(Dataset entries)
Content starts

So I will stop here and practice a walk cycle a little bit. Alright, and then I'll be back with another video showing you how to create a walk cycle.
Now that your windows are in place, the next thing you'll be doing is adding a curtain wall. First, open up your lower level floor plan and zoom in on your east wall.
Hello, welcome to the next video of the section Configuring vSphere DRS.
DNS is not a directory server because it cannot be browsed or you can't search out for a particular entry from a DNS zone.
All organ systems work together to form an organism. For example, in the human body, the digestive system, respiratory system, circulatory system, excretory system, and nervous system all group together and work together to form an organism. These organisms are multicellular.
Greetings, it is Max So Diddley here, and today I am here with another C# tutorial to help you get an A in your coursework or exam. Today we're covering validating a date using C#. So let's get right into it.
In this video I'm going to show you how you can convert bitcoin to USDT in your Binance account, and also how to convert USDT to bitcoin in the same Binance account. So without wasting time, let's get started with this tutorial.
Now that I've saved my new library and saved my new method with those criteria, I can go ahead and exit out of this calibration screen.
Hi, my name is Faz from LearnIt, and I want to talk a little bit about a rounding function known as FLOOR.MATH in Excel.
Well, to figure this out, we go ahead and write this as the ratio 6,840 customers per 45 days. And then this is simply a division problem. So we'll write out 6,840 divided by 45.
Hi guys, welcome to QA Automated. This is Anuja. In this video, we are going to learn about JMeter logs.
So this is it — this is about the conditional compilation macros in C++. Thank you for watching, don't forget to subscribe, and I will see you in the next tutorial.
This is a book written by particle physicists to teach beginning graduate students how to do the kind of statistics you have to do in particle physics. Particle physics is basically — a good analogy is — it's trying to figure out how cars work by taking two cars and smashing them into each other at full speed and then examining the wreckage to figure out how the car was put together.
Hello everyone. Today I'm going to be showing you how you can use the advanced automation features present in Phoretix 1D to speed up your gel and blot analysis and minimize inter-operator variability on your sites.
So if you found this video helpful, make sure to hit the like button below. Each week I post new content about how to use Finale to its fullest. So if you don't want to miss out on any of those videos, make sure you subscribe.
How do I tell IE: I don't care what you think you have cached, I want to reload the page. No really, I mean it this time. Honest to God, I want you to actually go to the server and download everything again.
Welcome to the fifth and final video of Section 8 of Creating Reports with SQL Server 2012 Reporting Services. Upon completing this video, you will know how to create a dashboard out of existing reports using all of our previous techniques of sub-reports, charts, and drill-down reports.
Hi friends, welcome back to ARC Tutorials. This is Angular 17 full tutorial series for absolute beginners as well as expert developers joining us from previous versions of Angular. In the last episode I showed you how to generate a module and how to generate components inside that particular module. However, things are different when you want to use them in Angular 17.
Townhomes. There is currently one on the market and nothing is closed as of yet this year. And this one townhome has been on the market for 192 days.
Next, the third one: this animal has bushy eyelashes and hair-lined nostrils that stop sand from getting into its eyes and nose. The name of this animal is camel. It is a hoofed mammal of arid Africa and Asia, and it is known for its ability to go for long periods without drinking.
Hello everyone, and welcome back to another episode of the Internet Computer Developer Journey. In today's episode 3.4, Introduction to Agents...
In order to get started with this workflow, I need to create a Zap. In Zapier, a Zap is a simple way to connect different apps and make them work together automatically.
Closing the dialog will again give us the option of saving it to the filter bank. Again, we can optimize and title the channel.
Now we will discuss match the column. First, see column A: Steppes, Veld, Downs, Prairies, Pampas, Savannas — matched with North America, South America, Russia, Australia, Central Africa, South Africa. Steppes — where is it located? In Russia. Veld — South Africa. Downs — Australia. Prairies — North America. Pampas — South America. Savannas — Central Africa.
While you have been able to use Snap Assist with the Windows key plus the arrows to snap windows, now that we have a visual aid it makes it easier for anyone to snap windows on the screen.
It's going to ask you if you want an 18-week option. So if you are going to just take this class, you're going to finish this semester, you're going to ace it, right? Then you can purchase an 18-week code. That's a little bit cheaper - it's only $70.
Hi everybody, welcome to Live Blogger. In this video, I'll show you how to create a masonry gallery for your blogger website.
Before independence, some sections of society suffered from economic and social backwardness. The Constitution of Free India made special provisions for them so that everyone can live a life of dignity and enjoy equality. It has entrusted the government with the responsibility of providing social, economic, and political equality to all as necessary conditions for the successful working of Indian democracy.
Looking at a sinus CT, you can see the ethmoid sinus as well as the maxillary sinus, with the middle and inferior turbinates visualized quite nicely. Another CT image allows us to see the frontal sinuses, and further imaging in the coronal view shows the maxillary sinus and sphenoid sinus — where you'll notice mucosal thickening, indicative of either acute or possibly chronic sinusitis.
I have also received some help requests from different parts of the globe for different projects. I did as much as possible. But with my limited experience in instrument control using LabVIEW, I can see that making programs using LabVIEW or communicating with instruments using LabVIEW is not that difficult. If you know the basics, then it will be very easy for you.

Content ends

» **Aim of the exercise**
Starting with the line with "Hello everyone, and" above and going on through the line with "Now we will", transcribe every line exactly, both ends included, and add nothing.

» **Solution**
Hello everyone, and welcome back to another episode of the Internet Computer Developer Journey. In today's episode 3.4, Introduction to Agents...
In order to get started with this workflow, I need to create a Zap. In Zapier, a Zap is a simple way to connect different apps and make them work together automatically.
Closing the dialog will again give us the option of saving it to the filter bank. Again, we can optimize and title the channel.
Now we will discuss match the column. First, see column A: Steppes, Veld, Downs, Prairies, Pampas, Savannas — matched with North America, South America, Russia, Australia, Central Africa, South Africa. Steppes — where is it located? In Russia. Veld — South Africa. Downs — Australia. Prairies — North America. Pampas — South America. Savannas — Central Africa.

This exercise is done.